━━━━━ Material provided ━━━━━
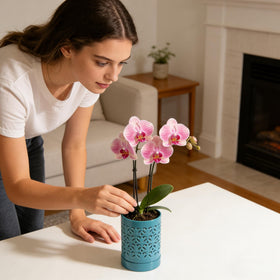 Pavtner orchid pot with attached saucer keeps surfaces clean.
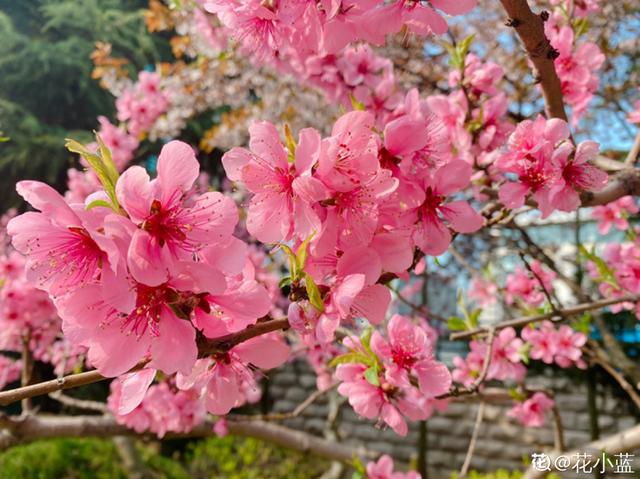 8种不“吉利花”，养在家里“有麻烦”，到底扔不扔？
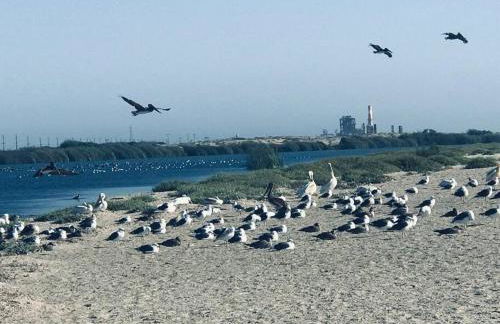 Romantic Coastal Private Room - Foto 78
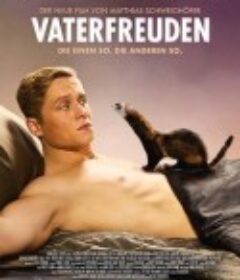 奶爸难当 Vaterfreuden            (2014)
━━━━━
* [Instructions for the task]:
Print the stretch of the data from the line with "Romantic Coastal Private Room - Foto 78" through its last line, exactly and with both ends kept. Omit pictures.

* [Written response]:
 Romantic Coastal Private Room - Foto 78
 奶爸难当 Vaterfreuden            (2014)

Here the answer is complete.